Rachelle Pedroza , third grader from Grafenwoehr Elementary School, shows off her class harvest from Fall 2016. Students from Netzaberg, Grafenwoehr and Vilseck Elementary Schools are all participating in didactic gardening projects.

GRAFENWOEHR, Germany — Autumn is a time of harvest, and student farmers from Netzaberg, Grafenwoehr and Vilseck Elementary Schools are doing just that in their school gardens.


In gardens filled with flowers, vegetables, fruits and herbs, students are discovering where food comes from and what it takes to grow it before it reaches our tables.


School gardens are more than just dirt and plants, they are a wealth of hands-on learning and life lessons about science, nutrition, math, nature and much more. Luckily for many USAG Bavaria schools, students have access to these soil-filled learning hotspots. Teachers are finding creative ways to incorporate their valuable lessons in the classroom.


“Learning how to garden is a life skill, and it is important for the students to know it takes seeds to grow something you can eat, that food doesn’t just come from super markets but from the earth,” said Elfriede Kean, the Host Nation teacher at Grafenwoehr Elementary.


Kean is one of many teachers who maintains and uses the garden that was built with the help of the Directorate of Public Works.

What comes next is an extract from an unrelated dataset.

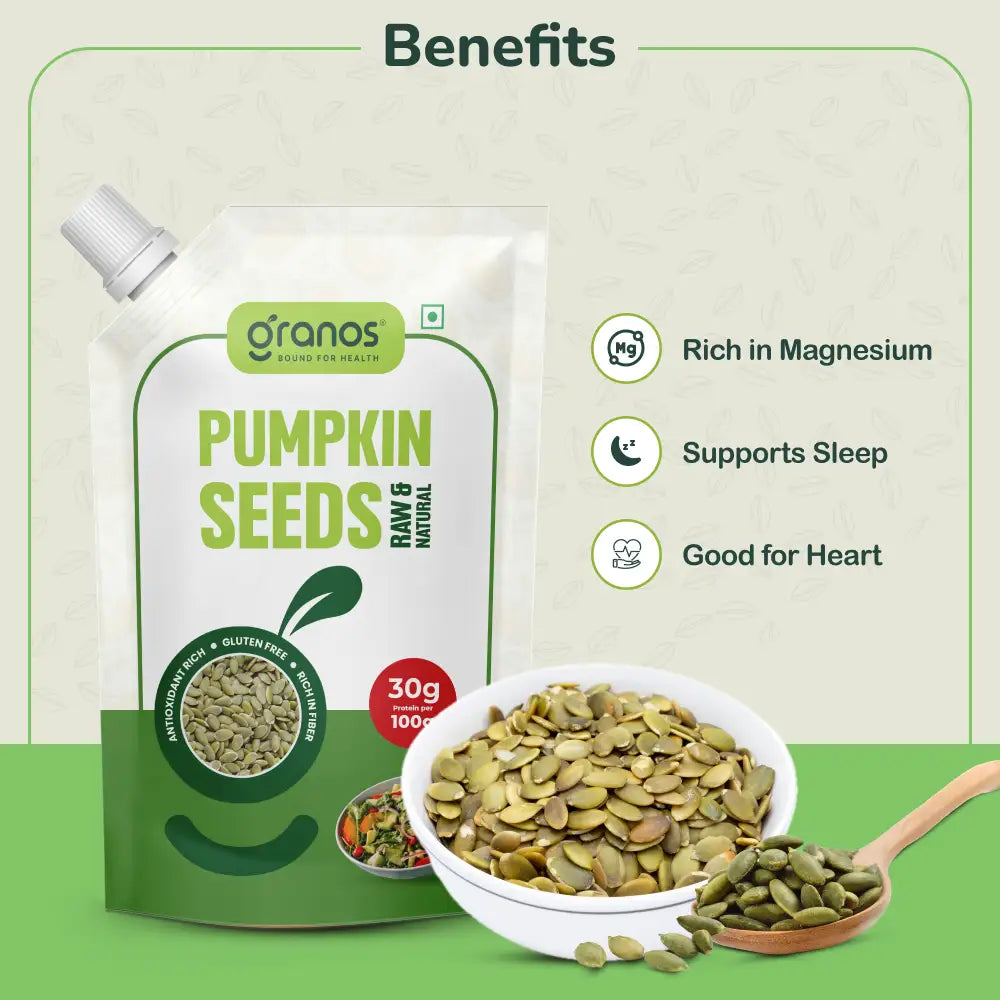 Granos Pumpkin Seeds Raw & Natural 200g Spout Pack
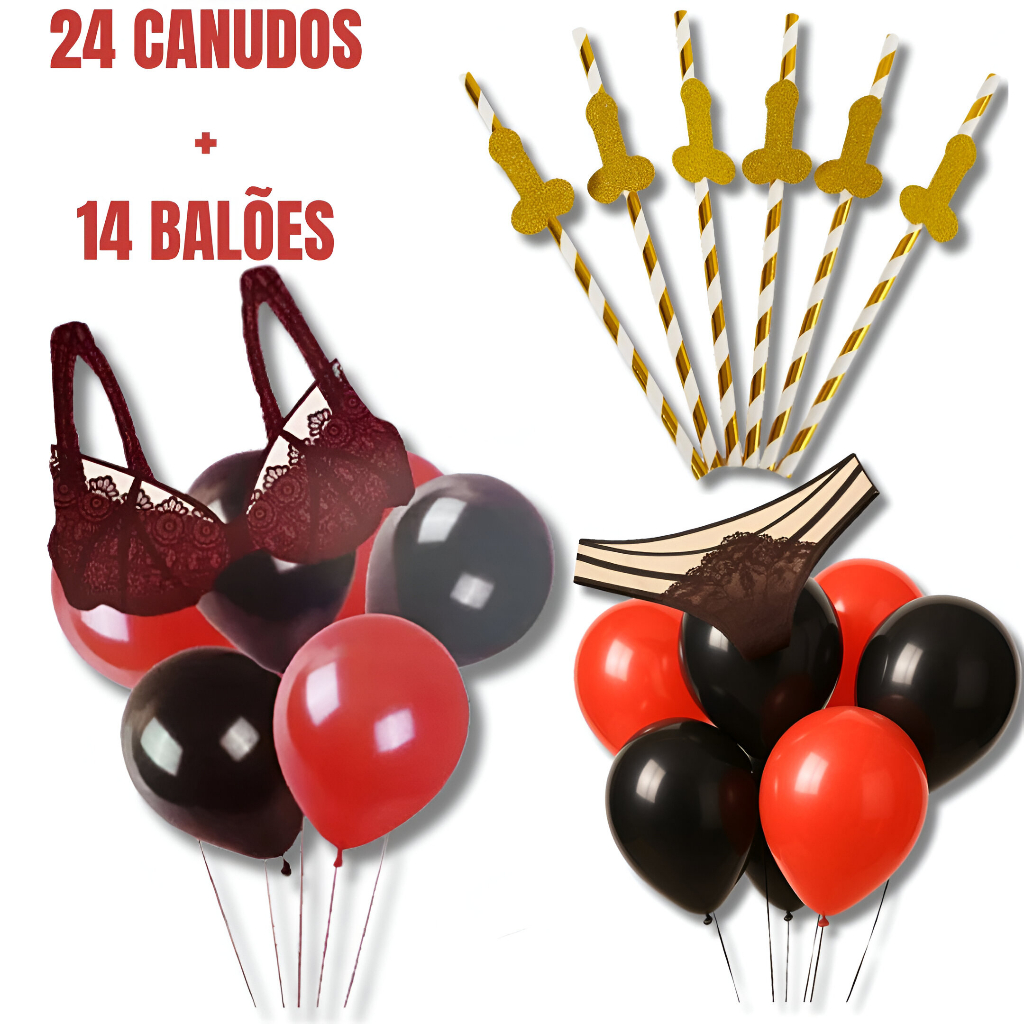 Kit Balões Despedidas De Solteiro Festa Chá Lingerie Kit C Canudos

At Grafenwoehr Elementary School, students investigate gardening through reading and internet research before digging in the earth. Student’s prep their raised garden beds and use their math skills by measuring the area of the beds, calculating the number of plants capable of growing in that area, weeding the beds and preparing the soil. Elfriede Kean’s class even learned about plant friends, compatible plant species that help fend off insects and nourish the soil when grown next to each other.


The ultimate reward of gardening for the students is eating their fresh harvest.


Grafenwoehr Elementary School has been busy reaping the benefits of gardening. Terri Sobey’s fifth grade class planted, grew and harvested potatoes. With the harvest she made a tasty potato soup for the students to enjoy. Lance Hooker’s third grade class grew and ate kohlrabi, a root vegetable commonly used here in Germany and one that many students had previously never tasted.


“I thought it was pretty cool to be beautifying the garden and the school. We had to work the soil, move the mulch out of the way. Then we sowed the seeds, and we waited. We got to eat the corn we planted. It tasted fresh and way better than frozen corn” said Grafenwoehr Elementary School fifth grader Brett Faraason.


When asked about the effort he put in and the work of growing a garden, Brett answered “It was worth it.”


The Netzaberg Elementary School after-school Garden Club allows students of all ages to get their hands dirty. Grades third through fifth work with the garden in the fall, and first and second grade tend it in the spring. They grow beets and zucchini as well as lettuces, radishes and even the edible flower English marigold, Calendula officinalis. This past spring, the Netzaberg Garden Club harvested their yields to prepare and eat a nutritious salad.


Research and experiments are not just for laboratories.


Netzaberg Elementary School teacher Sandee Roberts has students grow a Tulip Science Garden to conduct research. Students study the needs of growing plants, predict and measure plant growth, record the weather and soil temperature to determine their effect on growth, and graph and interpret their results. Once the tulips have bloomed, they dissect them to explore their intricate parts and how they work together to function.


At Vilseck Elementary School, one teacher caught the gardening bug after realizing her students did not know the journey from seed to plant.


“We were reading books about pumpkins, farming, migrant workers, and picking out pumpkins from the pumpkin delivery man. We had very rich discussions in my class and I realized that none of my kids understood what it was like to till the earth, compost, or planting complications that arise from farming or gardening. Thus, a teaching moment was born” said teacher Janet Nell.


She put her ideas into action.


“I invited a guest speaker, Mr. Henk, to help us put together a pumpkin patch. Wow, I was surprised and amazed by the results. The first thing we did was cut sod. That could have been a lesson and STEAM project on its own. The kids were so amazed by how easy it was to cut sod and were enthralled about the amount of worms under a small patch of soil. Lastly, when we were done, three children spontaneously told me they wanted to start gardens of their own at home and compost. Hopefully, this is a lifelong lesson and gardening becomes a strong need in our community. I hope more teachers get the gardener bug too!”